Resta-nos analisar o art. 18.º-3, o qual refere que, no caso de desconformidade no cumprimento de contrato de compra e venda coligado com contrato de crédito, o consumidor que, após interpelação do vendedor[16], não tenha obtido deste a satisfação do seu direito ao exato cumprimento do contrato, pode interpelar o financiador para exercer uma de três pretensões previstas nas alíneas do art. 18.º-3. Assumindo que Lena já interpelou a Bimbitas, Lda. para que esta procedesse ao cumprimento pontual do contrato, e esta não prestou o bem “em conformidade com o contrato dentro de um prazo razoável, […] pode aquela recorrer ao financiador com o objetivo de salvaguardar a sua contraprestação”[17]. Se a Lena tivesse exercido o direito de reparação ou de substituição perante a Bimbitas, Lda., poderia exercer a exceção de não cumprimento do contrato perante o financiador (art. 18º-3-a)). Por outro lado, se eventualmente tivesse exigido a redução do preço perante a Bimbitas, Lda., o que no caso não faria muito sentido, poderia interpelar o financiador no sentido de exigir a redução do montante do crédito em montante igual ao da redução do preço (art. 18º-3-b)). E, por fim, caso tivesse exercido o direito de resolução perante a Bimbitas, Lda., poderia exigir a resolução do contrato de crédito perante o financiador (art. 18º-3-c)). Existe um paralelismo entre as soluções relativamente ao contrato de crédito e as soluções relativamente ao contrato de compra e venda, isto é, Lena pode fazer repercutir no contrato de crédito a solução que resulta do direito que tiver exercido relativamente ao contrato de compra e venda (qualquer um dos previstos no art. 4.º-1 do DL 67/2003). Sem prejuízo do que aqui foi exposto, partindo do pressuposto de que Lena quer, de facto, a Bimbita e, por isso, exerceu o seu direito de reparação ou de substituição perante a Bimbitas, Lda. (art. 4.º-1 DL 67/2003), o qual não foi satisfeito, pode interpelar o financiador e exercer a exceção do não cumprimento do contrato (art. 18.º-3-a) do DL 133/2009), não pagando, assim, as prestações mensais relativas ao crédito enquanto o bem não for reparado ou substituído pela Bimbitas, Lda..

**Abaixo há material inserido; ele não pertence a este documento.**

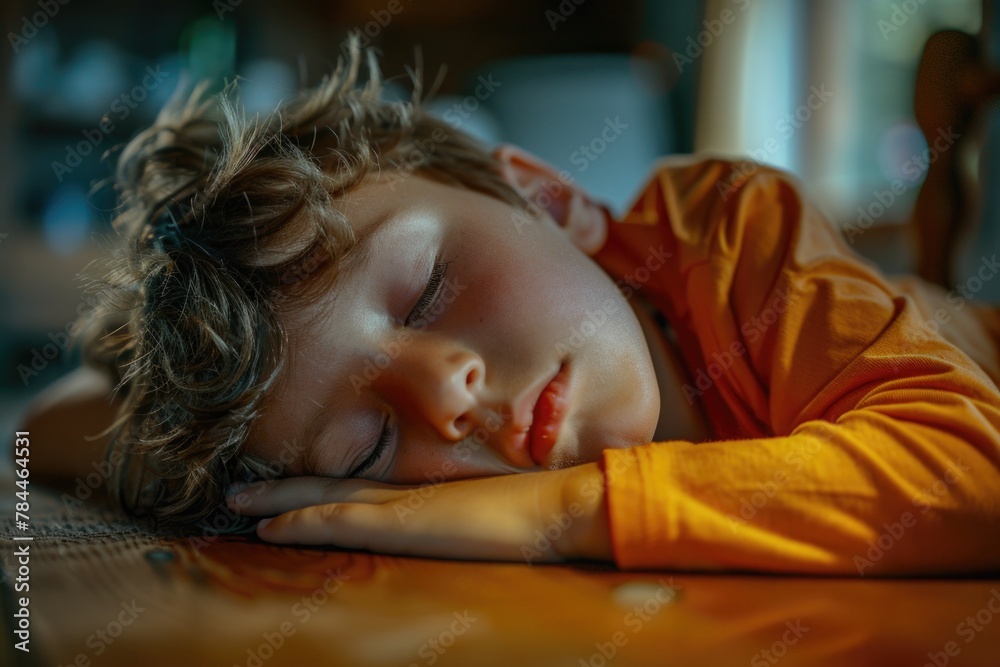 A peaceful image of a young boy sleeping on a wooden table. Suitable for various lifestyle and relaxation concepts A peaceful image of a young boy sleeping on a wooden table. Suitable for various lifestyle and relaxation concepts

[1] JORGE MORAIS CARVALHO, Manual do Direito do Consumo, Almedina, 2020, p.285.

[2] Ac. do STJ de 19 de novembro de 2015, Processo n.º 139/12.0TVLSB.L1.S1 (Oliveira Vasconcelos).

[3] JORGE MORAIS CARVALHO e MICAEL MARTINS TEIXEIRA, Duas Presunções Que Não São Presunções: A Desconformidade na Venda de Bens de Consumo em Portugal, in “Revista de Direito do Consumidor”, Vol. 27, n.º 115, 2018, pp. 311-330.

[4] JOÃO CALVÃO DA SILVA, Venda de Bens de Consumo, Almedina, 2003, p. 61.

[5] Bastaria provar um deles, mas de facto o não funcionamento geral da Bimbita cabe perfeitamente tanto na alínea c) quanto na alínea d).

[6] JORGE MORAIS CARVALHO, Manual do Direito do Consumo, cit., p. 319.

[7] Ibidem, p. 320.

[8] Ibidem, p. 323.

[9] Não temos elementos que nos levem a concluir em sentido contrário.

[10] JORGE MORAIS CARVALHO, Manual do Direito do Consumo, cit., p. 463.

[11] FERNANDO GRAVATO DE MORAIS, Crédito aos consumidores, Almedina, 2009, p. 88.

[12] JORGE MORAIS CARVALHO, Manual do Direito do Consumo, cit., p. 464.

[13] Ibidem, p. 465

[14] E teria obviamente direito a que lhe fosse devolvido o montante que já tivesse pago, tanto no caso em que exerce o direito de arrependimento relativamente ao contrato de compra e venda perante a Bimbitas, Lda.., quanto no caso em que exerce o direito de arrependimento relativamente ao contrato de crédito perante a empresa de crédito.

[15] Nos termos do art. 18º-1, a ineficácia do contrato de crédito resultante do exercício do direito de arrependimento repercutir-se-ia também no contrato de compra e venda. Vd. FERNANDO GRAVATO DE MORAIS, Crédito aos consumidores, cit., p. 87

[16] Para que o consumidor possa interpelar o financiador, antes tem de se ter dirigido ao vendedor. Vd. FERNANDO DE GRAVATO MORAIS, Crédito aos consumidores, cit., pp. 89-89.

[17] JORGE MORAIS CARVALHO, Manual do Direito do Consumo, cit., p. 467.